A Senate panel on Thursday advanced legislation, strongly supported by NJBIA, that would bring greater transparency in civil liability litigation by requiring disclosure to all parties if a private equity firm or hedge fund is paying a plaintiff’s lawyers to sue a New Jersey business.
NJBIA Chief Government Affairs Officer Christopher Emigholz told the Senate Commerce Committee the bill didn’t prevent third-party litigation funding, but it addresses a trend where private equity firms use the civil justice system as an investment vehicle by funding numerous lawsuits brought by unrelated parties in exchange for a share of the plaintiff’s monetary award.

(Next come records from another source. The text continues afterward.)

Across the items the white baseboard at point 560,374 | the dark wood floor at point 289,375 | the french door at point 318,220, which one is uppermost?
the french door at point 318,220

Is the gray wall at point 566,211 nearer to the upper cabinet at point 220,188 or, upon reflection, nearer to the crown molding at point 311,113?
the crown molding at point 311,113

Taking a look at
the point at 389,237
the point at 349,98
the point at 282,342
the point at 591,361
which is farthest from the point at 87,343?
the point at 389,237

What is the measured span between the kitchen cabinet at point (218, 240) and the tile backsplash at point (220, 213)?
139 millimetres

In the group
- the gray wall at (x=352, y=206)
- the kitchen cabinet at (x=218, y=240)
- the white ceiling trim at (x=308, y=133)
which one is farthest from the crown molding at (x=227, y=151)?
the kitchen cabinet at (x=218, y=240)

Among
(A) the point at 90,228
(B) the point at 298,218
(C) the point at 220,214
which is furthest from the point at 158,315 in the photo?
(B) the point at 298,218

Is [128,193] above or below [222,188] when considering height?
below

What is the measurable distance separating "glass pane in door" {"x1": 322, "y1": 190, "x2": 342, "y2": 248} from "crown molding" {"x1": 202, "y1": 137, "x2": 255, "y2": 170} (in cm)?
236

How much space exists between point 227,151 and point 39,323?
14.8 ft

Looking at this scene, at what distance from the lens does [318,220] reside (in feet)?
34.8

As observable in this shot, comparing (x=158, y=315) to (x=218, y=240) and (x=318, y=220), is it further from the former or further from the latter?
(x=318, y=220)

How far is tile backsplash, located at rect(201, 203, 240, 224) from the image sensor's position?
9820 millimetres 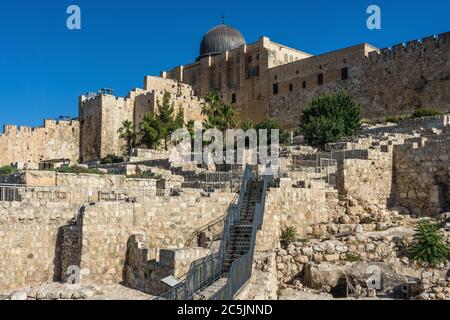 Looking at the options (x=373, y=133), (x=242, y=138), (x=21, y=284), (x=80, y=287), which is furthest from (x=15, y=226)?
(x=242, y=138)

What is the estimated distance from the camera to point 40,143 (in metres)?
44.1

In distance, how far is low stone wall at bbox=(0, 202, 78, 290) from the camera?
41.3 feet

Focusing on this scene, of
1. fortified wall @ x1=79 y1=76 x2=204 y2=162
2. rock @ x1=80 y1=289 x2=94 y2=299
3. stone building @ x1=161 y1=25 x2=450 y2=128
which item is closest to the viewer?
→ rock @ x1=80 y1=289 x2=94 y2=299

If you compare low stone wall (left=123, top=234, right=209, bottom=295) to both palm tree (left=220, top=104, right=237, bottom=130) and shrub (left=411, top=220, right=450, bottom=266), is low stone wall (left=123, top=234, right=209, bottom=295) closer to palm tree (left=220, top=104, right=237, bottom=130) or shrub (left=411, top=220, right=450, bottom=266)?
shrub (left=411, top=220, right=450, bottom=266)

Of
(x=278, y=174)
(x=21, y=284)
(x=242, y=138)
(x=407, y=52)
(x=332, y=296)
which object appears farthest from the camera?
(x=407, y=52)

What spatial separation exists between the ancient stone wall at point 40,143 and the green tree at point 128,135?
5254 mm

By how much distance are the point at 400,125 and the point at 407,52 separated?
10.3 metres

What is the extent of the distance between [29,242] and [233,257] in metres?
5.01

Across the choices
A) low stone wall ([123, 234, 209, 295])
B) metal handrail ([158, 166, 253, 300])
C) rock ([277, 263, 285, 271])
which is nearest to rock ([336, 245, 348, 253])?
rock ([277, 263, 285, 271])

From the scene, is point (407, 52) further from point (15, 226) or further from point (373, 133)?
point (15, 226)

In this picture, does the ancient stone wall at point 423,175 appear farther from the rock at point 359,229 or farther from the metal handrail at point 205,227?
the metal handrail at point 205,227

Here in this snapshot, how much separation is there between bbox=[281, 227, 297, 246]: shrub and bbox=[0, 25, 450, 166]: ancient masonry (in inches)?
892

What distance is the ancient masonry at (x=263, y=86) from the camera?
117ft

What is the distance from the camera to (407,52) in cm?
3634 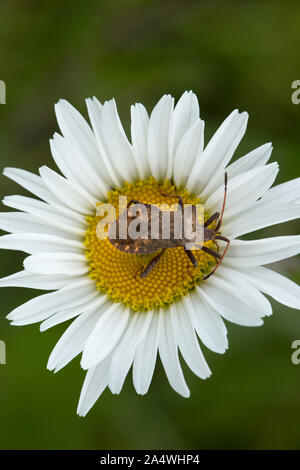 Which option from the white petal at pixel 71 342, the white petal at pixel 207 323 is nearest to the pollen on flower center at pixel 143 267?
the white petal at pixel 207 323

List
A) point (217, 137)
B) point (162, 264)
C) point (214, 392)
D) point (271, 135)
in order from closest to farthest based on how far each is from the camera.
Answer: point (217, 137)
point (162, 264)
point (214, 392)
point (271, 135)

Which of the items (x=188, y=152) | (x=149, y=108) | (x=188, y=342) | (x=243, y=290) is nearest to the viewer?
(x=243, y=290)

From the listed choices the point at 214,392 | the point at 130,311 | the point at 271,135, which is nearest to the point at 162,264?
the point at 130,311

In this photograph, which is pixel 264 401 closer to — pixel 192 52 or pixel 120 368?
pixel 120 368

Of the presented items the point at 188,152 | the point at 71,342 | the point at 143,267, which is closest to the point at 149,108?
the point at 188,152

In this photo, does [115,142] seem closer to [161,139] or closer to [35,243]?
[161,139]

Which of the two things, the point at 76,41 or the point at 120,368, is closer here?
the point at 120,368

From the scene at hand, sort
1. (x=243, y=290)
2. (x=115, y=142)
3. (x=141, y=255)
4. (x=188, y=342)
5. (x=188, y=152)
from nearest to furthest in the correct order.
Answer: (x=243, y=290) < (x=188, y=342) < (x=188, y=152) < (x=115, y=142) < (x=141, y=255)
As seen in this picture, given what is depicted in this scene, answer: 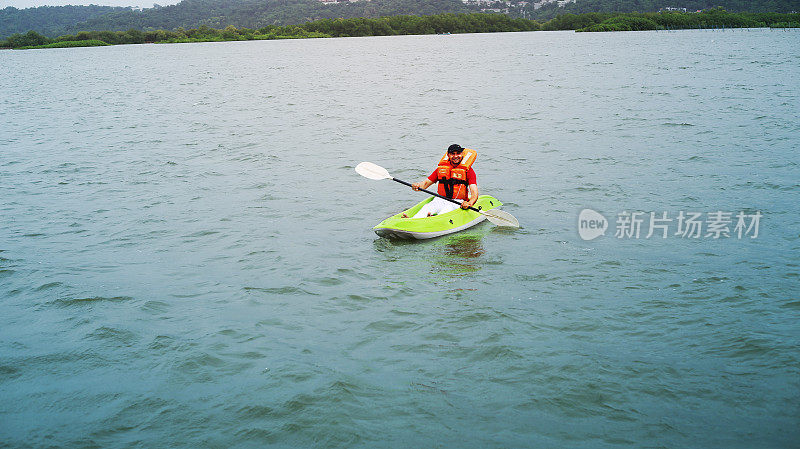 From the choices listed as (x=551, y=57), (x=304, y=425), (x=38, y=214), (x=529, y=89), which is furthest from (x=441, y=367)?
(x=551, y=57)

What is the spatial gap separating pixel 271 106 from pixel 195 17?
492 feet

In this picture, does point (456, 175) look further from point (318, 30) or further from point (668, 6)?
point (668, 6)

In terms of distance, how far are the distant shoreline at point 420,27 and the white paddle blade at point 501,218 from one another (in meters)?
98.6

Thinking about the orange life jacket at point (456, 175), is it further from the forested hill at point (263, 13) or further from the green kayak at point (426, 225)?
the forested hill at point (263, 13)

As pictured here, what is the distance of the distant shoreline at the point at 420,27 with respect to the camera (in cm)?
9756

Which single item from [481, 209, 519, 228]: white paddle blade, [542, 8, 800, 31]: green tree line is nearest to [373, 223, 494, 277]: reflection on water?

Without transparency, third-party funded litigation prevents the proper evaluation of potential conflicts of interest by obscuring who is behind the litigation. It also creates an environment that ties up defendants and courts in prolonged and costly legal battles.
“I’m here to make sure you know that this bill is important to the entire business community,” Emigholz said. “NJBIA represents thousands of businesses, small and large throughout the state, and we hear from them that New Jersey is too expensive. We hear from them that there’s too many regulations and it’s not easy to do business here. We also hear from them that our legal costs are excessive and it’s a problem for New Jersey’s business climate.”
Emigholz noted that the bill is a particular priority for the manufacturing sector.
“We want more things made in New Jersey, invented in New Jersey and researched and developed in New Jersey,” Emigholz said. “And the people that make those things might have potential liabilities and so transparency (about third-party funded litigation) will make it better for companies that want to invest here and create jobs here.”
The bill, S-4374, sponsored by Sen. John McKeon (D-27) and Sen. Joseph Lagana (D-38), was released with four affirmative votes and one abstention.